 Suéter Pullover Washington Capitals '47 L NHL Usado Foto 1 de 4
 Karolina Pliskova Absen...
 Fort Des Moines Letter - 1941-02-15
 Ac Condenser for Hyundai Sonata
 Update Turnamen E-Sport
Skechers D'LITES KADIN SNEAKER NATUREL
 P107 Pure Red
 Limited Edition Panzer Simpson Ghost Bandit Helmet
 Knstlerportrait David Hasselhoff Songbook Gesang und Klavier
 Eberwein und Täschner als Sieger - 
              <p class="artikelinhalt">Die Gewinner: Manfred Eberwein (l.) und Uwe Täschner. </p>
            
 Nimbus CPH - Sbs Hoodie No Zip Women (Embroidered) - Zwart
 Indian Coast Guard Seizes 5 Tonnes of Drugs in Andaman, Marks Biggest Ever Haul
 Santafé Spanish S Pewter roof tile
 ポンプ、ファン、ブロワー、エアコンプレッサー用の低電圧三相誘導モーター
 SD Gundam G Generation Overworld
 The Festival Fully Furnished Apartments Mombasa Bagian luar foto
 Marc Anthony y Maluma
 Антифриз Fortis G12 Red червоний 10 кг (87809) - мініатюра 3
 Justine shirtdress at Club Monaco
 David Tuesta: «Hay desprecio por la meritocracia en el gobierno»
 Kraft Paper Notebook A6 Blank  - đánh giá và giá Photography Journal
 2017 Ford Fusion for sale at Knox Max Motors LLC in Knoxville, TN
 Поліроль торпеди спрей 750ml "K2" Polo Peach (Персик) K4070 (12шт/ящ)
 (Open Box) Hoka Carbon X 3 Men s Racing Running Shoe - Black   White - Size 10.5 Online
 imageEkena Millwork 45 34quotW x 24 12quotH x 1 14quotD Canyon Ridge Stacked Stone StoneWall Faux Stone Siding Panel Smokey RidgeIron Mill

[Instructions for the task] Show the lines of the records above that mention "Täschner".

[Response to the exercise]
 Eberwein und Täschner als Sieger - 
              <p class="artikelinhalt">Die Gewinner: Manfred Eberwein (l.) und Uwe Täschner. </p>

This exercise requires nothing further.